**DATA EXTRACT:**
|---|
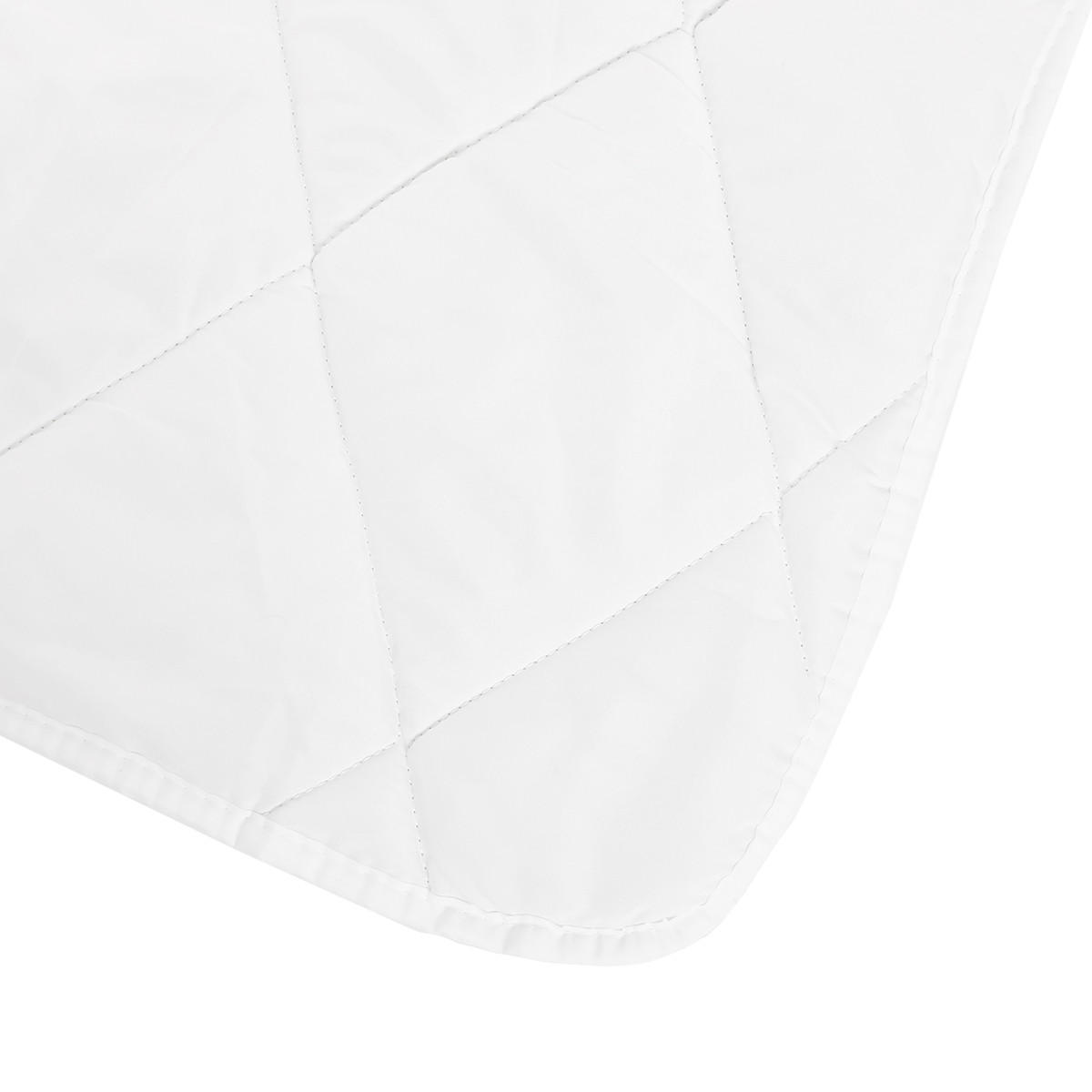 STEPPDECKE Molle 140/200 cm - Weiß, Textil (140/200cm) - Homla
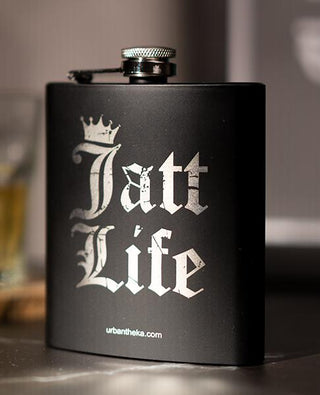 Jatt Life Hip Flask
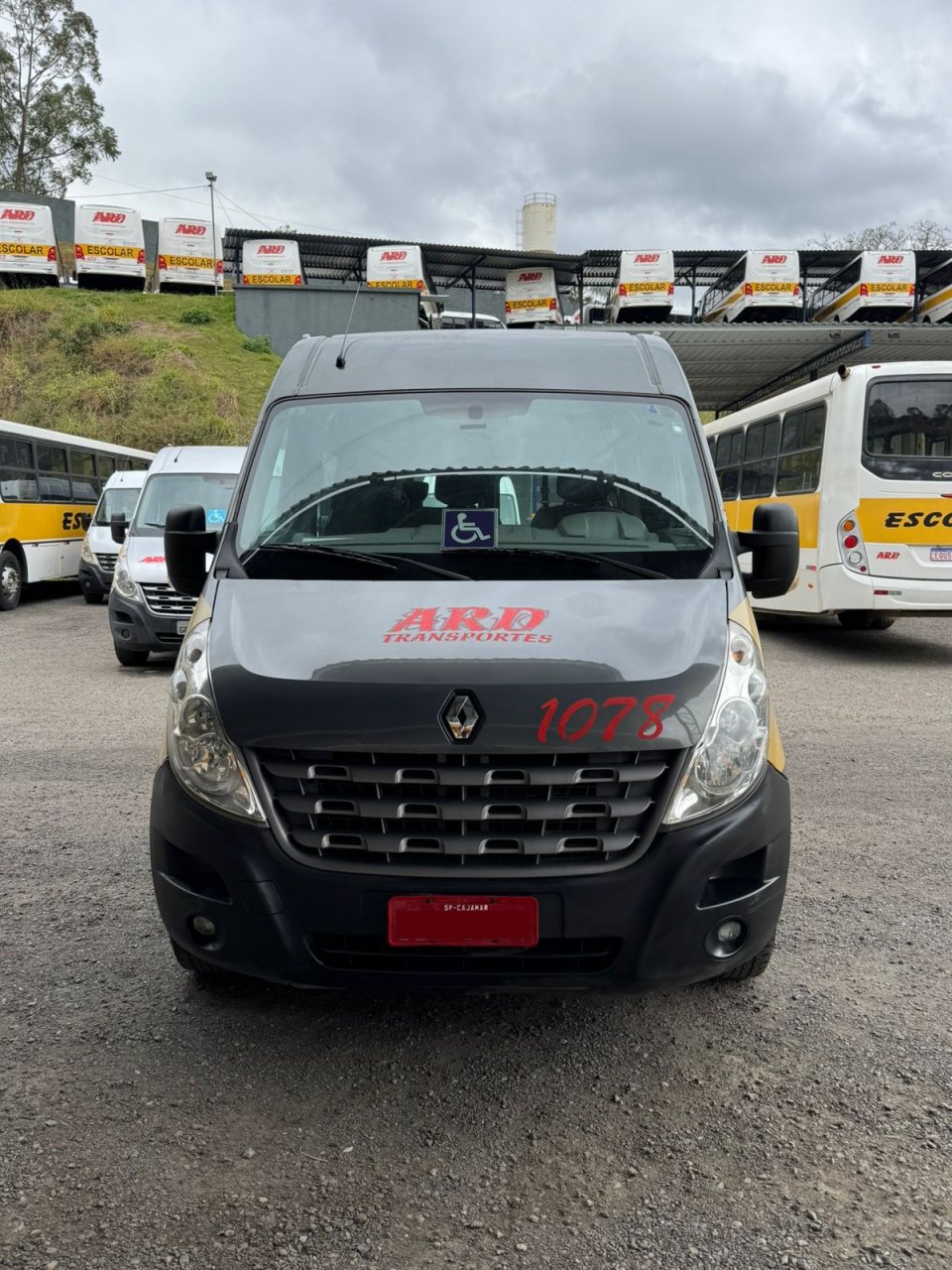 Renault/Master Vip L3H2 16 Lugares 2015-2016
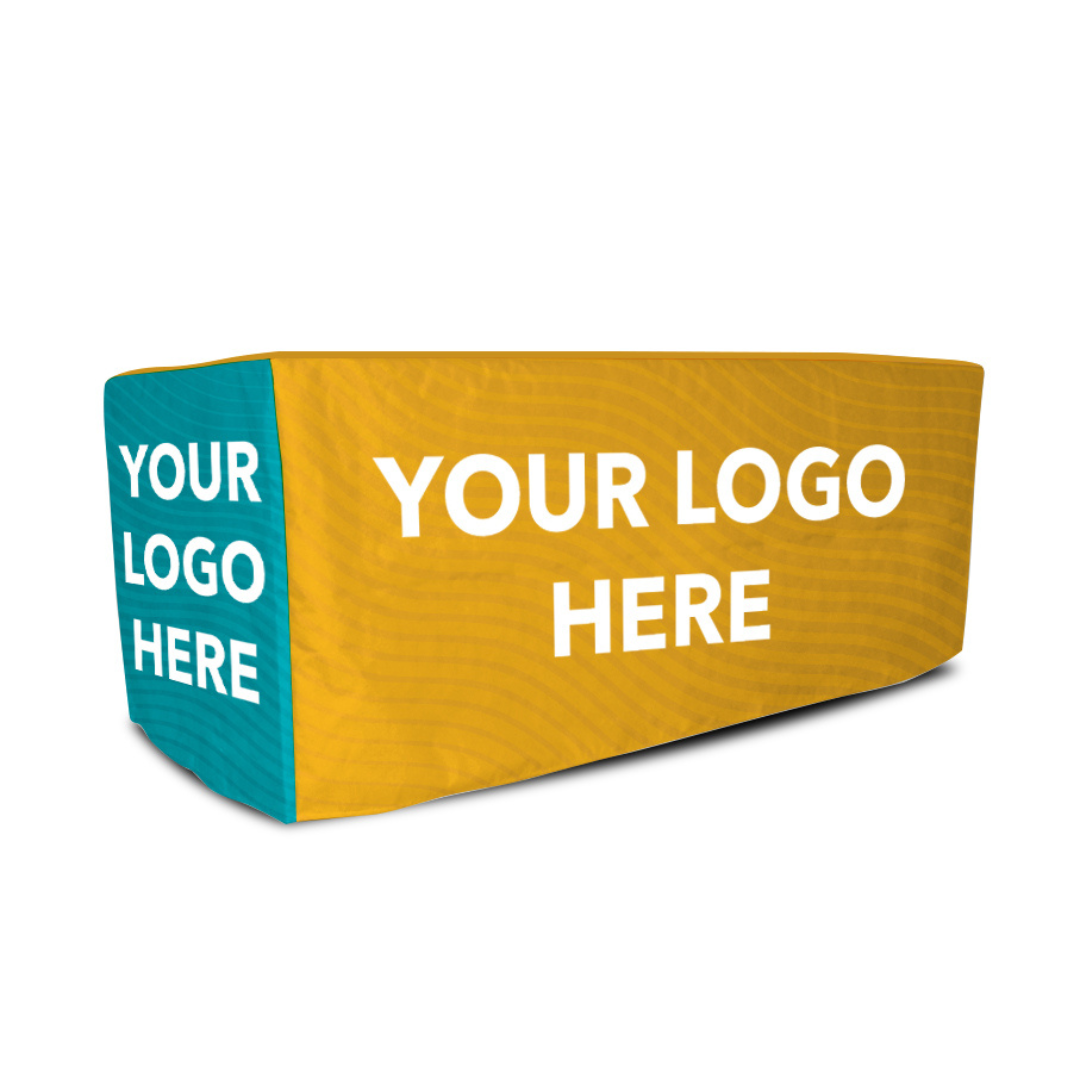 Printed Poly Table Cover - Promotional Signage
|---|
**ACTIVITY:** Exactly repeat every line from the line that includes "Jatt Life Hip Flask" to the end of the listing, and nothing else, leaving pictures out.

**RESPONSE TO THIS EXERCISE:**
 Jatt Life Hip Flask
 Renault/Master Vip L3H2 16 Lugares 2015-2016
 Printed Poly Table Cover - Promotional Signage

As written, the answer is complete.